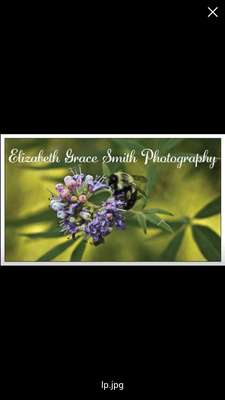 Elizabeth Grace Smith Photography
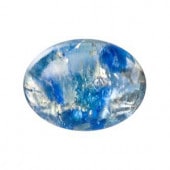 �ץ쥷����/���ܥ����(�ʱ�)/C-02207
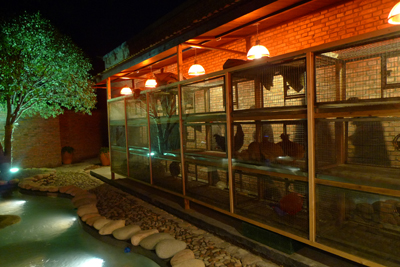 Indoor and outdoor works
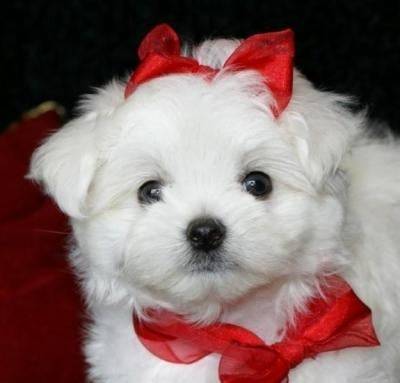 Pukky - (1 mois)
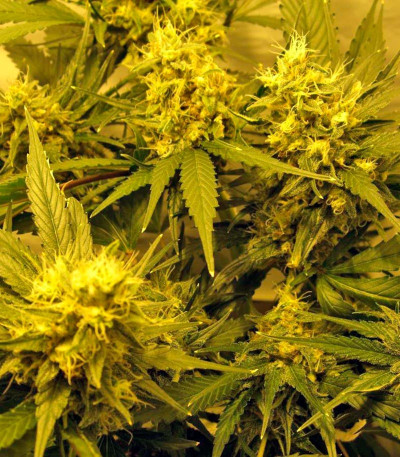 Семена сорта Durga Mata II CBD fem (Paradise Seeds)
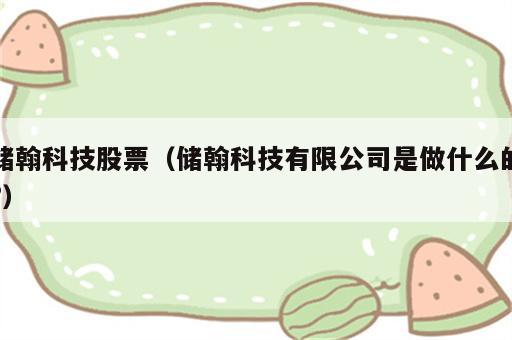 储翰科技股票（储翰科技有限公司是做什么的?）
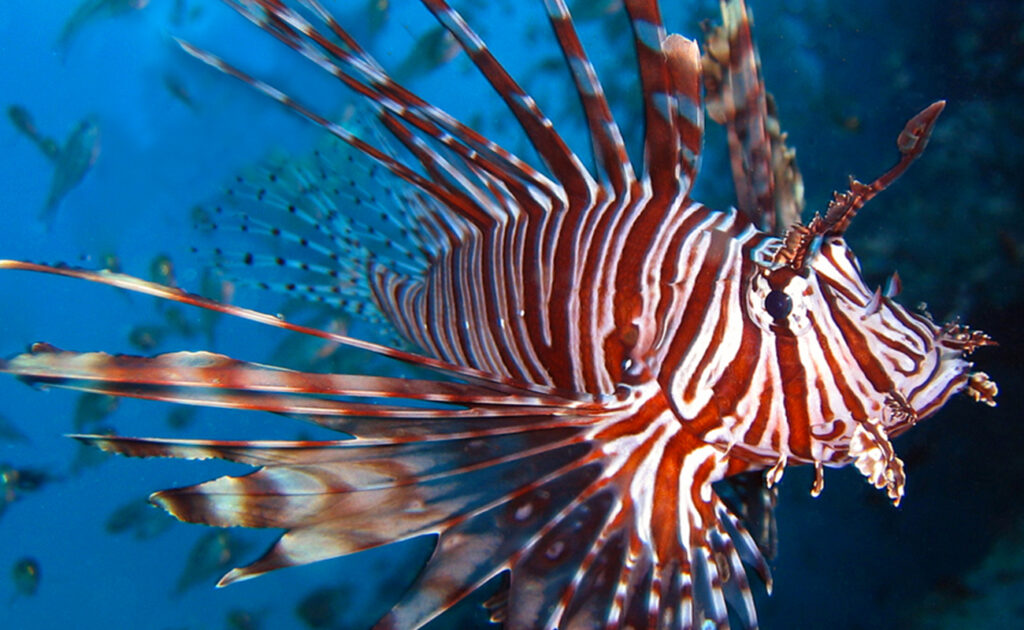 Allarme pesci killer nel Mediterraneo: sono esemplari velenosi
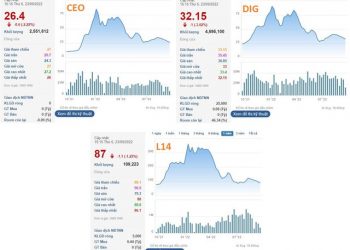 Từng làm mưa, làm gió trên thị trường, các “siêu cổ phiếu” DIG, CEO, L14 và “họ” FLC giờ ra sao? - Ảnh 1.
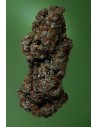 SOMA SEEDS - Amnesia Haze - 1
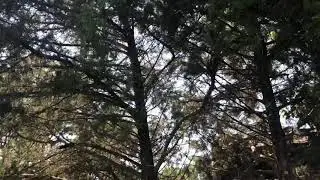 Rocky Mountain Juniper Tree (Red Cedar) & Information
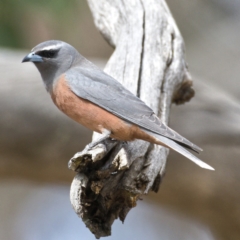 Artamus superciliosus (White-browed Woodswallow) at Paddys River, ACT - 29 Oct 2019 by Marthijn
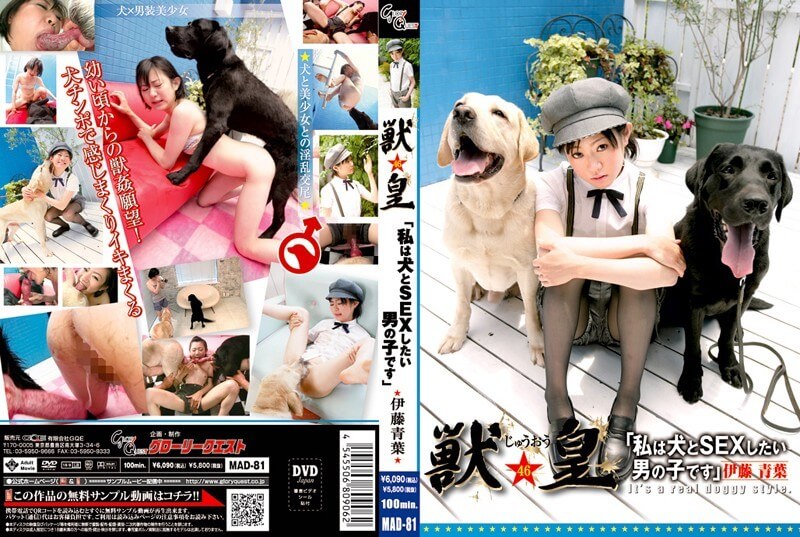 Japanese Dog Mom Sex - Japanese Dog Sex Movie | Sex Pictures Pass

---*---

Only the lines from the one containing "Indoor and outdoor works" through the end of the records above should be retyped, exactly as they stand, with any pictures left out.

 Indoor and outdoor works
 Pukky - (1 mois)
 Семена сорта Durga Mata II CBD fem (Paradise Seeds)
 储翰科技股票（储翰科技有限公司是做什么的?）
 Allarme pesci killer nel Mediterraneo: sono esemplari velenosi
 Từng làm mưa, làm gió trên thị trường, các “siêu cổ phiếu” DIG, CEO, L14 và “họ” FLC giờ ra sao? - Ảnh 1.
 SOMA SEEDS - Amnesia Haze - 1
 Rocky Mountain Juniper Tree (Red Cedar) & Information
 Artamus superciliosus (White-browed Woodswallow) at Paddys River, ACT - 29 Oct 2019 by Marthijn
 Japanese Dog Mom Sex - Japanese Dog Sex Movie | Sex Pictures Pass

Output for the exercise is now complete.